In the Financial Times of April 22, 2011, he said, ‘I think [Cameron’s] policies are dangerous to say the least. All those students screaming about tuition [costs] going up and student movements are what start the next revolutions’ adding ‘..there’s nothing natural about 25m unemployed people [the approximate current US figure].

The impression with which I was left after the CNN interview was of a man who felt the world was sinking into a dark place that could rebound in revolution and an inevitable turmoil if the change did not lead to improved circumstances for the working man and woman.
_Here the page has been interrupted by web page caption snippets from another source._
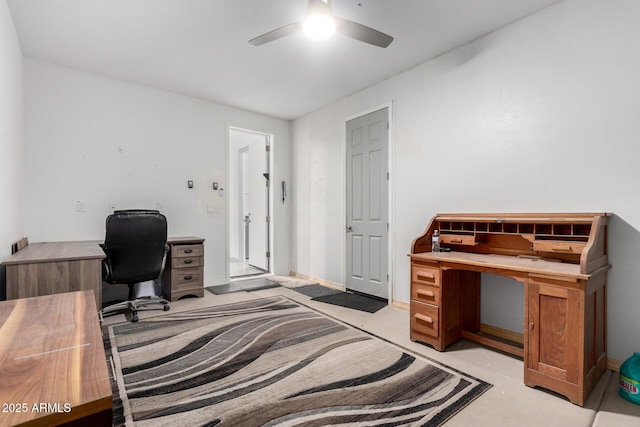 office space featuring concrete flooring and ceiling fan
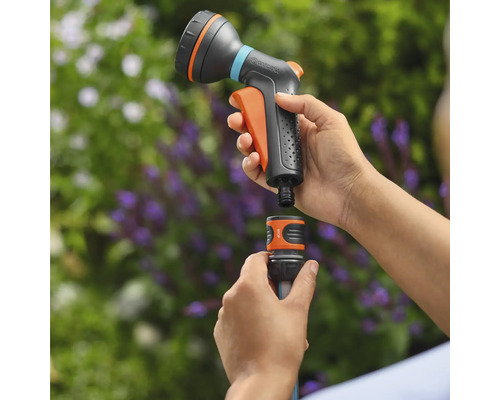 Une douche de jardin est raccordée à un tuyau d'arrosage. Le produit est en plastique.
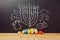 Creative Jewish holiday Hanukkah background with spinning top dreidel over chalkboard with hand drawing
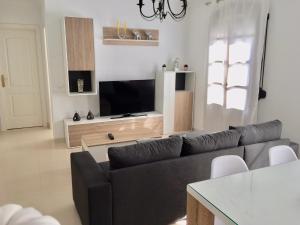 a living room with a couch and a flat screen tv at Apartamento Pasaje Ronda Centro in Ronda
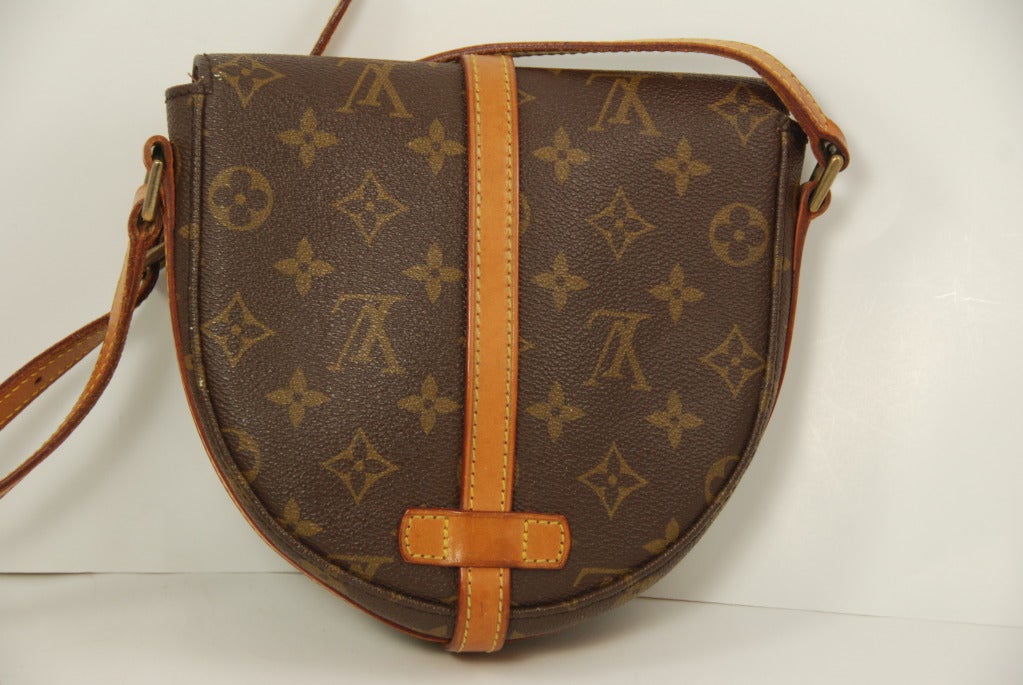 This is the 1970s version of the Vuitton classic Chantilly bag in the smaller size. This classic bag has a great contemporary urban look. Meant to be worn cross body the bag closes securely with a brass buckle closure. Comes with the shoulder pad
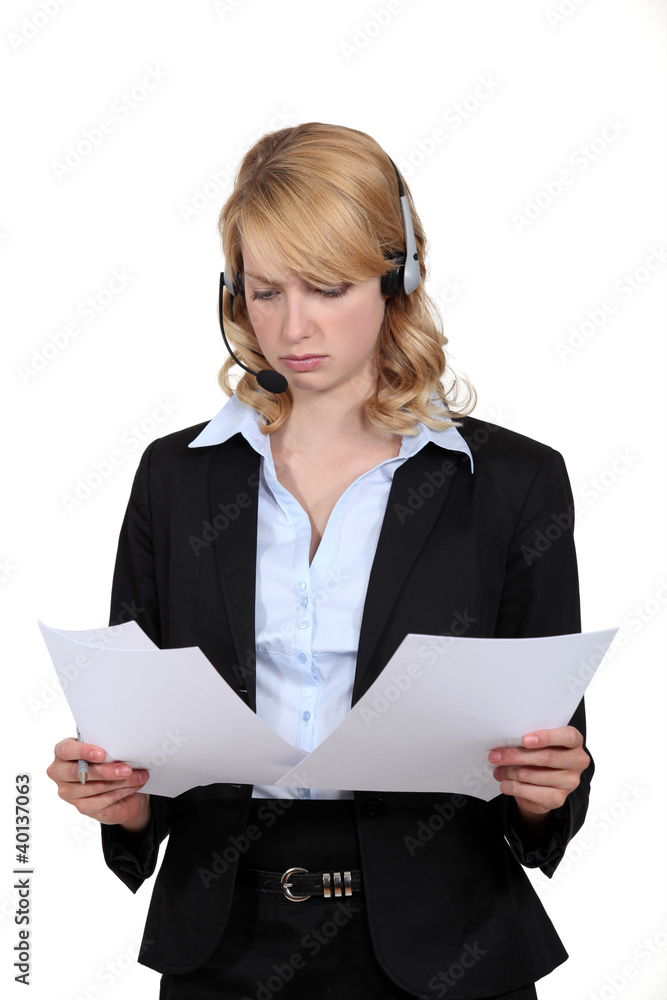 Businesswoman looking at paperwork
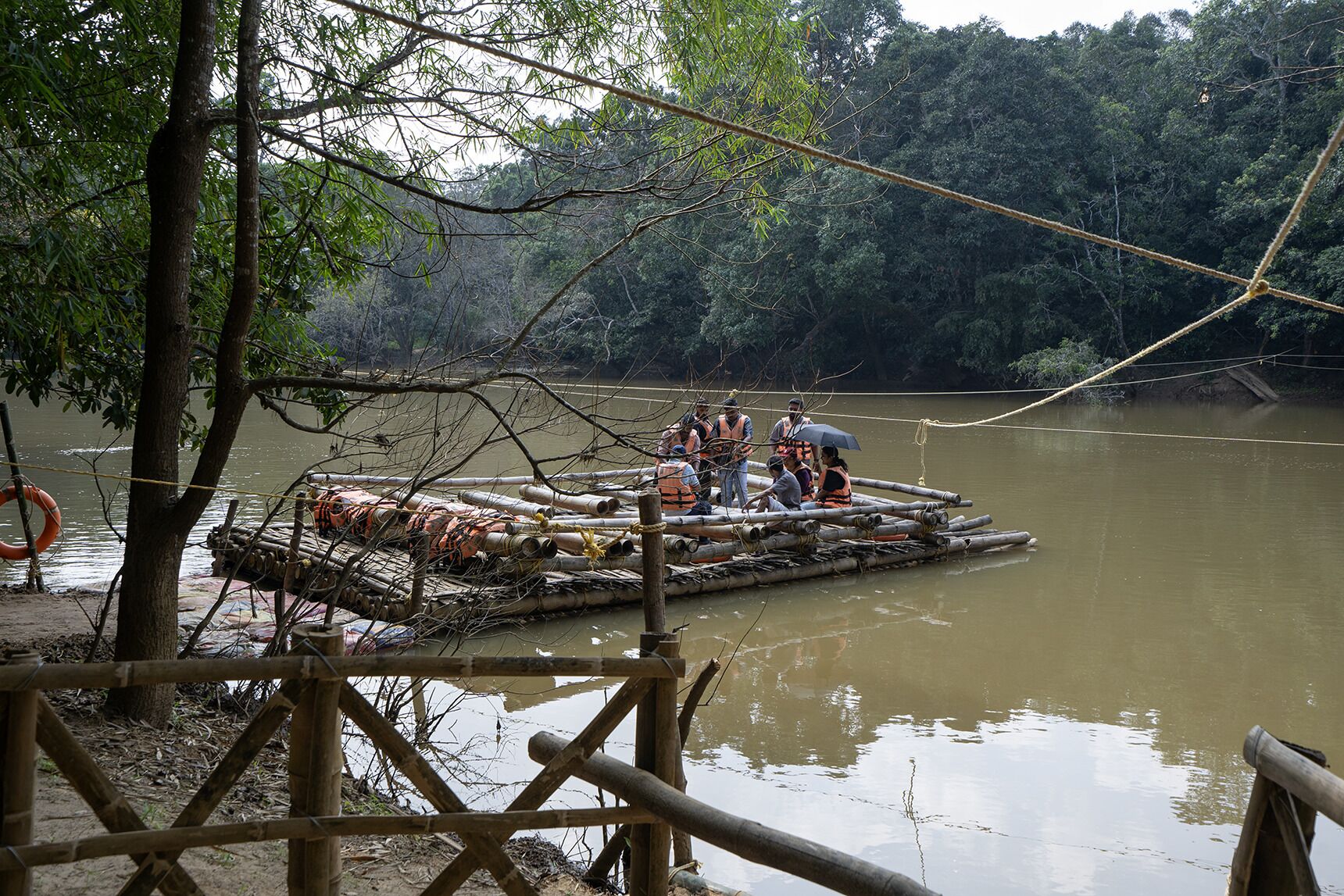 Een bamboevlot met mensen, omgeven door een bebost gebied en een rustige rivier.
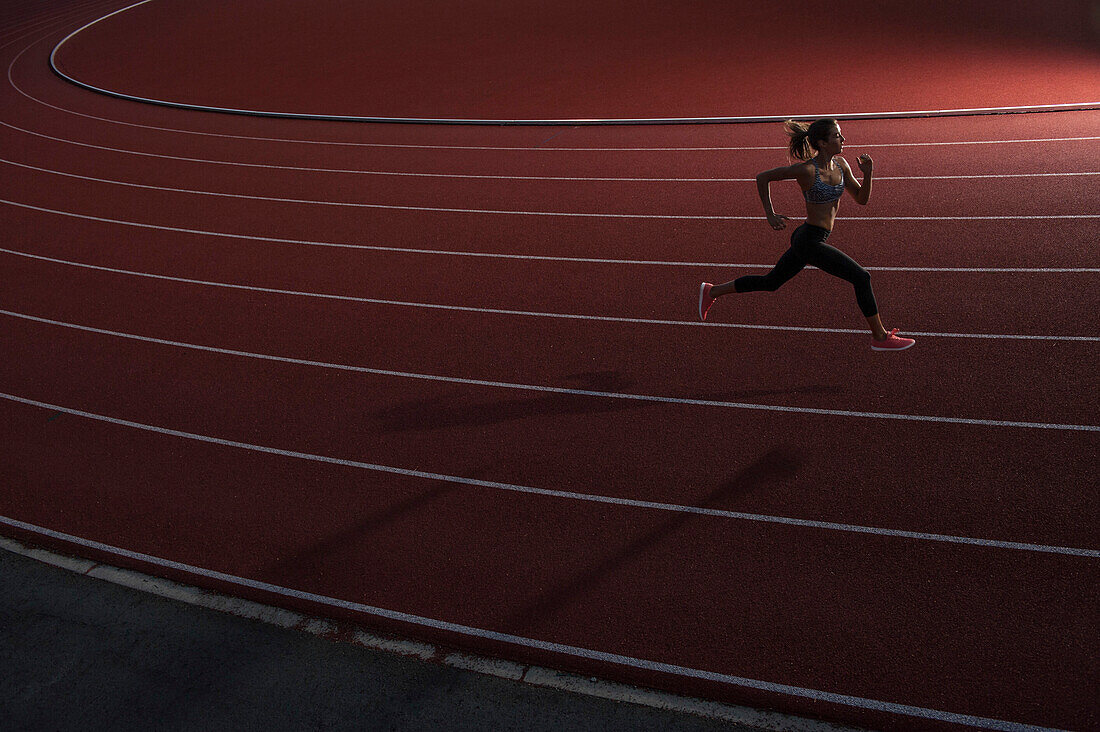 High angle view of young female athlete running on race track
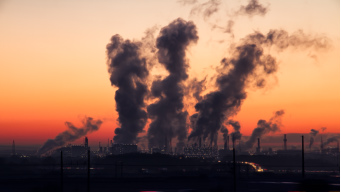 A coal fired power station at sunset with smog rising.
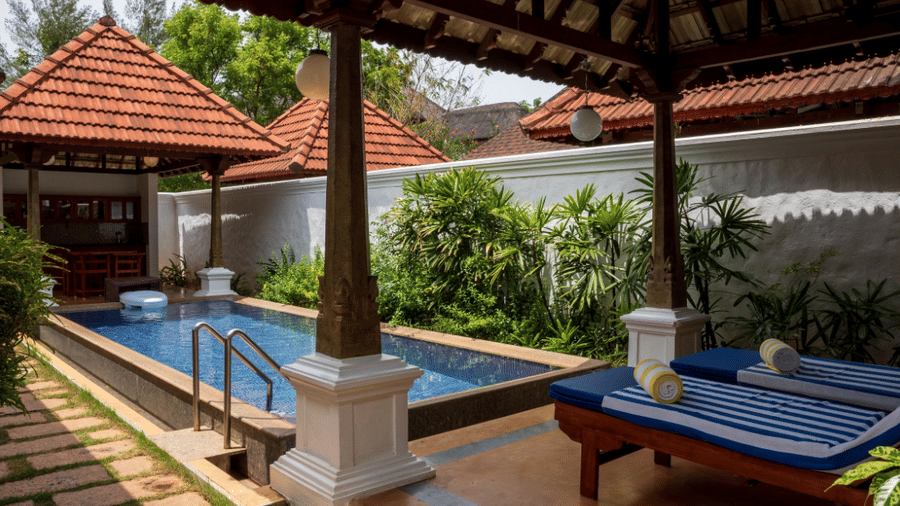 An outdoor private swimming pool area, featuring a tiled walkway, a sun lounger, and a gazebo | Le Pondy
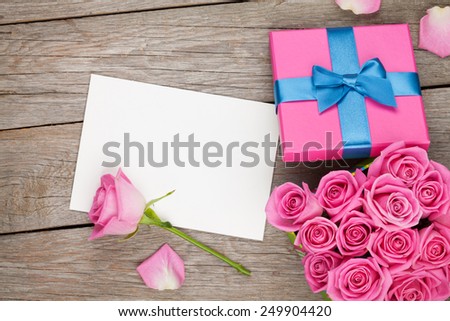 Valentines day greeting card or photo frame and gift box full of pink roses over wooden table. Top view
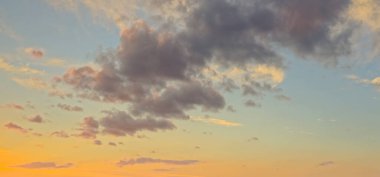 Pastel bulutlar güneş doğarken gökyüzünde. Gökyüzü klasik tarzda bulutlarla kaplı. Yatay fotoğraf. Günbatımının muhteşem arka planında yumuşak renkli bulutlar var. Panoramik.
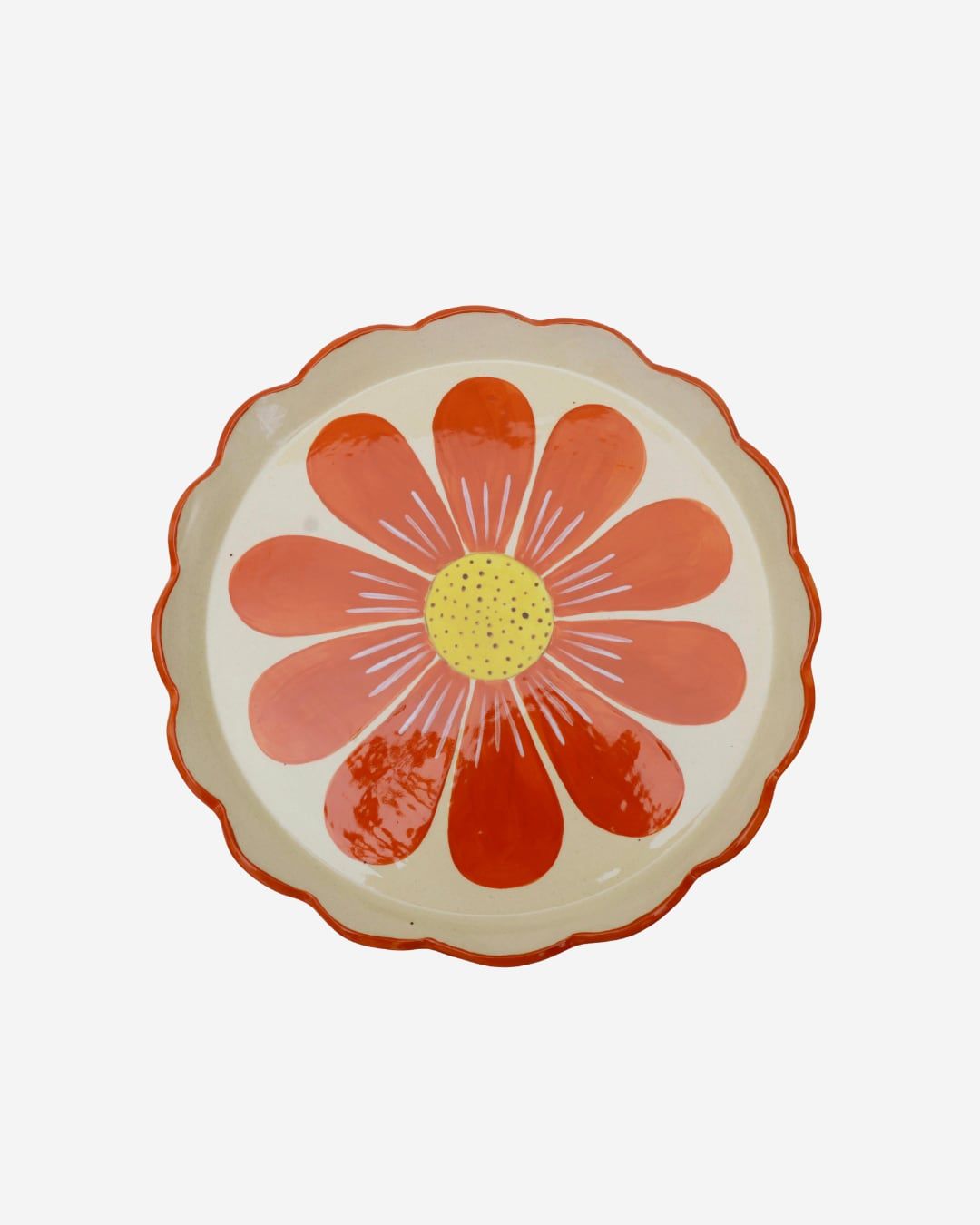 Prato de borda ondulada pintado com uma grande flor laranja de miolo amarelo.
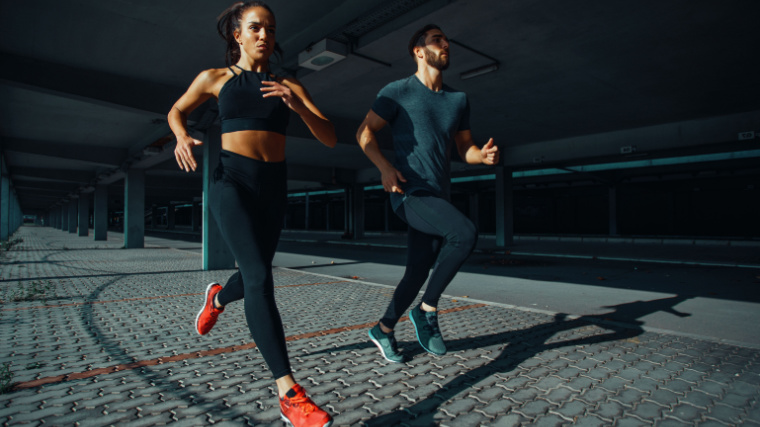 Young sports couple running in the urban environment.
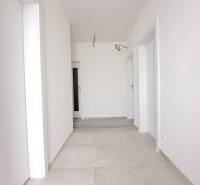 A bright hallway in a family house with white walls and light tiles.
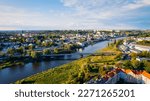 In Gorzów Wielkopolski, a drone photo was taken on a sunny day featuring the River Warta, the Cathedral, and the city center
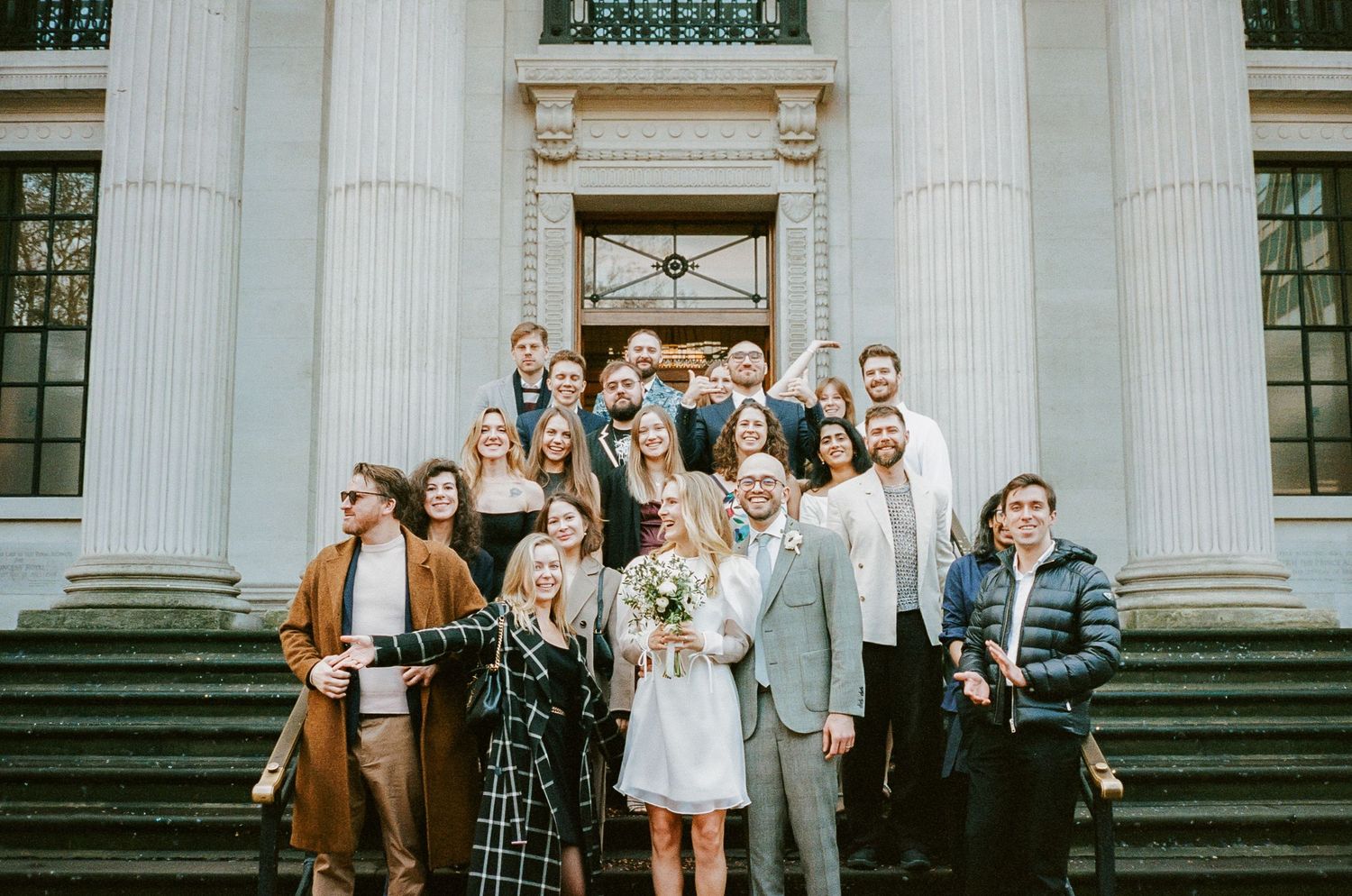 Large wedding party poses for group photo on historic building steps with classical columns.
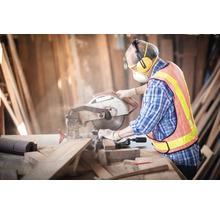 Hantverkare med cirkelsåg som sågar trä med personlig skyddsutrustning i en verkstad.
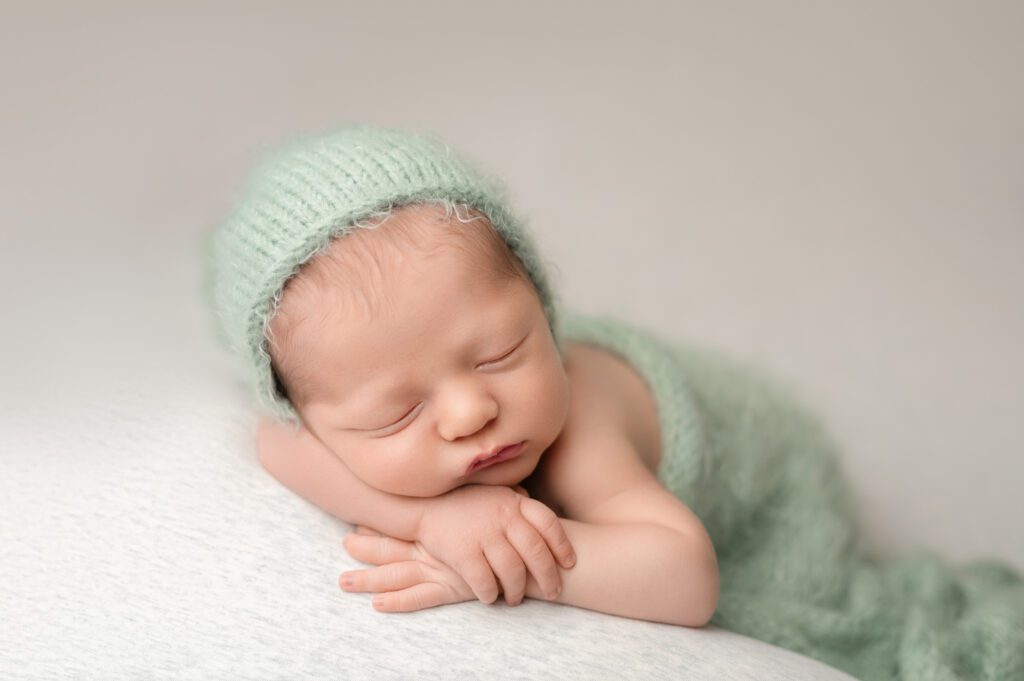 Baby sleeping on a textured white surface, wrapped in a mint green knitted wrap and bonnet.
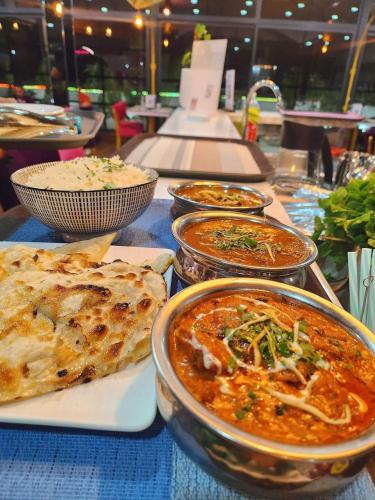 a table topped with bowls of food and pizza at Central Hotel Tana in Antananarivo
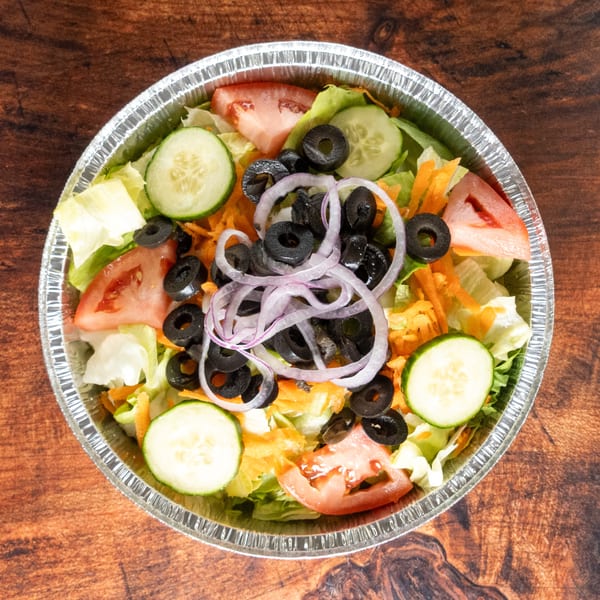 Fresh garden salad with lettuce, tomatoes, cucumbers, black olives, and red onion in a foil container.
He is gone but his words resonate with me as I hear about unemployed Britons being made to work for free at the Jubilee pageant and sleep in rainy, cold misery under London Bridge. Sassoon was born during the era of the sweatshop and the idea that we are descending into that purgatory once more is appalling and unacceptable. Perhaps his vision of ‘six years of socialism’ is the answer. What is happening to Europe is fast approaching human catastrophe. The successes of Labour in the May elections in Britain -- even in Cameron’s constituencies of Chipping Norton and Witney -- and the rise of the left in France and Italy is a manifestation of the Sassoon dream. FDR rebuilt America with the New Deal; many of the programmes exist to this day. Europe needs a New Deal. Sassoon was right. RIP.

Carol Gould is an American broadcaster based in London who has appeared on ‘Any Questions’ on BBC Radio 4, on ‘Woman’s Hour,’ on the World Service and on ‘Jeremy Vine.’ She is the author of 'Spitfire Girls' and 'Don't Tread on Me -- anti-Americanism Abroad.'

Links:

http://flauntmagazine.com/flaunt/wisdom-afternoon-vidal-sassoon .

http://www.ft.com/cms/s/2/ab688926-6b9e-11e0-93f8-00144feab49a.html#axzz1u7E6Lcyd .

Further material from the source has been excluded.